Segment Start: DATASET
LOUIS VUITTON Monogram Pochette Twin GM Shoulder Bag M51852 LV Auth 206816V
Segment End: DATASET
Segment Start: DATASET
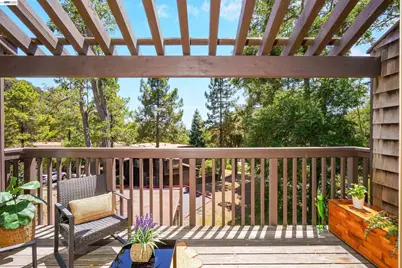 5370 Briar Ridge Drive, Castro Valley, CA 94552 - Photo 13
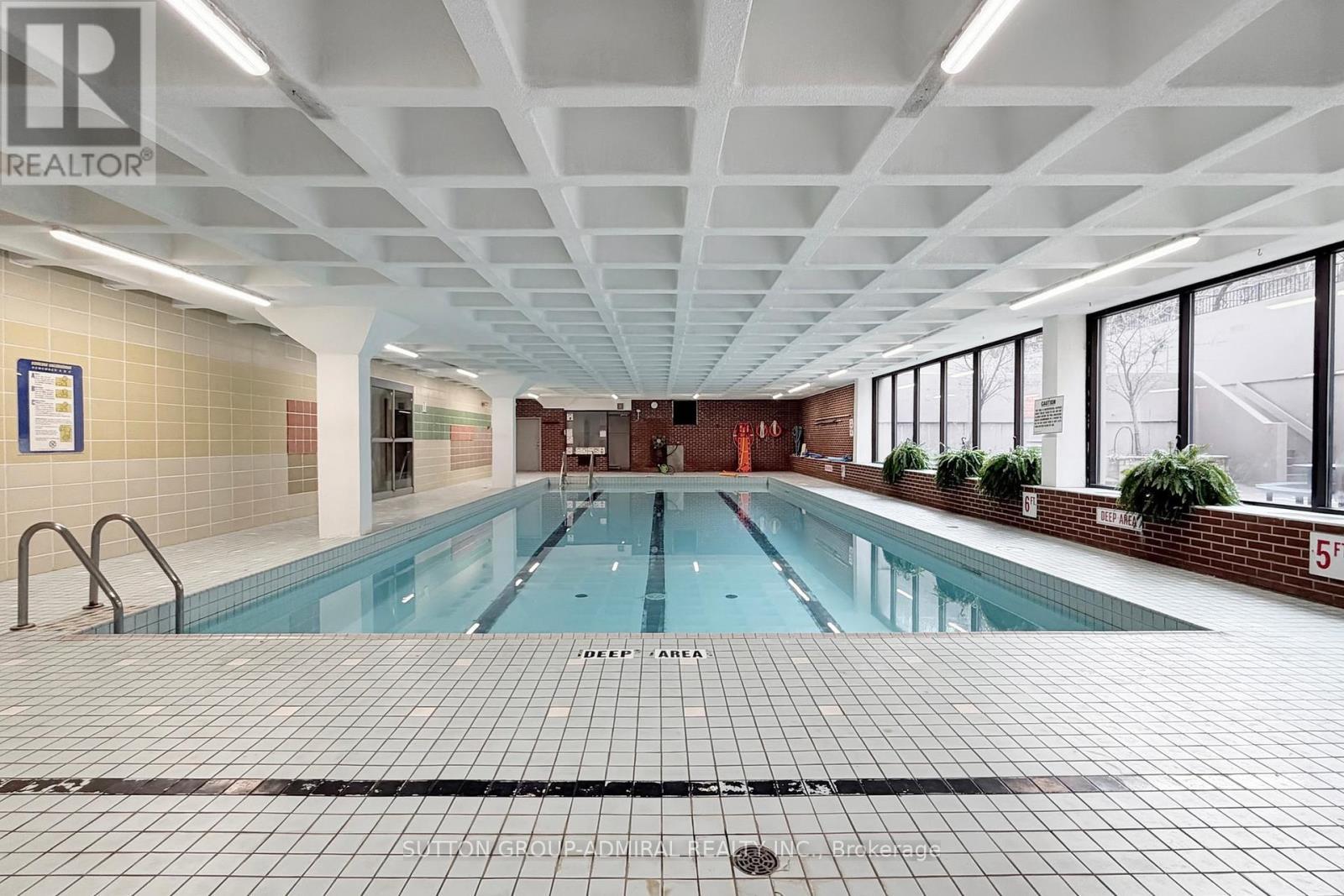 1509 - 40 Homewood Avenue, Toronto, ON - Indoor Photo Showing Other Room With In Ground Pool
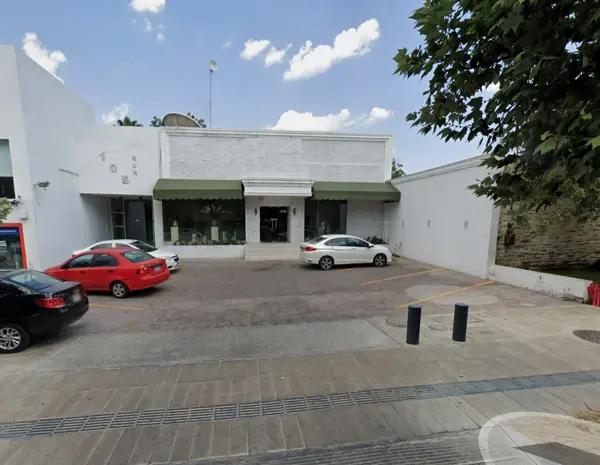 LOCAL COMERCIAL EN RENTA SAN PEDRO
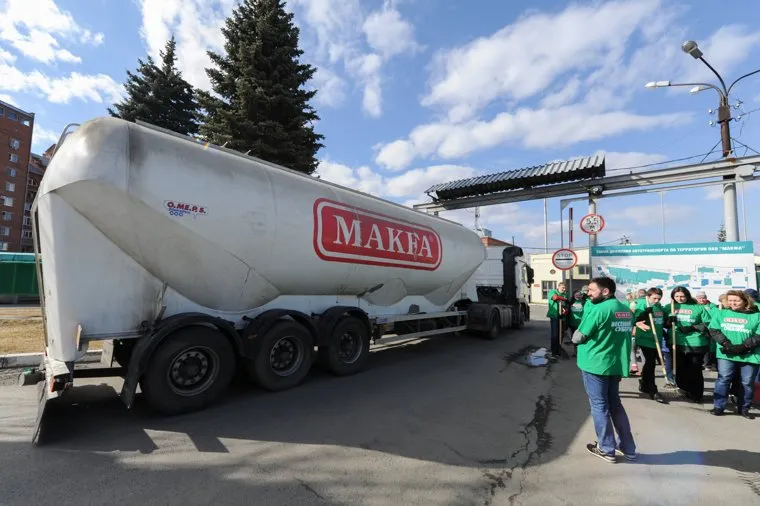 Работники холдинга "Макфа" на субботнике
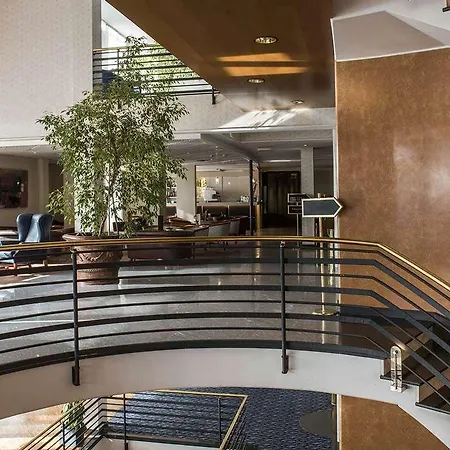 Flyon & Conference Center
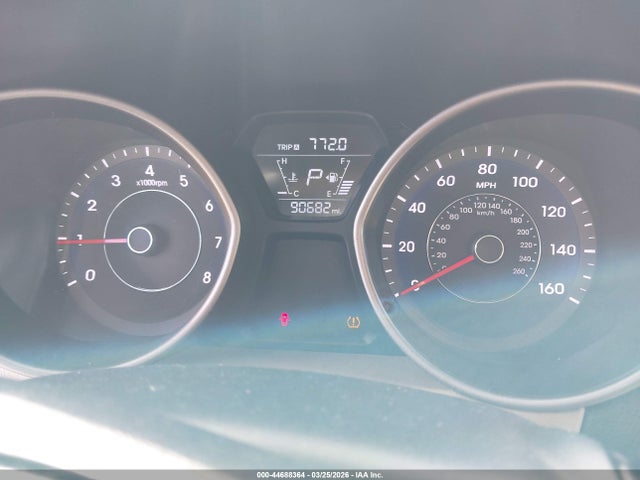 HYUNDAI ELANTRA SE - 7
Segment End: DATASET
- **YOUR GOAL**
Set the pictures aside and transcribe exactly the stretch of lines above, beginning with the one holding "LOCAL COMERCIAL EN RENTA SAN PEDRO" and ending with the one holding "HYUNDAI ELANTRA SE - 7".

- **OUTPUT BELOW**
 LOCAL COMERCIAL EN RENTA SAN PEDRO
 Работники холдинга "Макфа" на субботнике
 Flyon & Conference Center
 HYUNDAI ELANTRA SE - 7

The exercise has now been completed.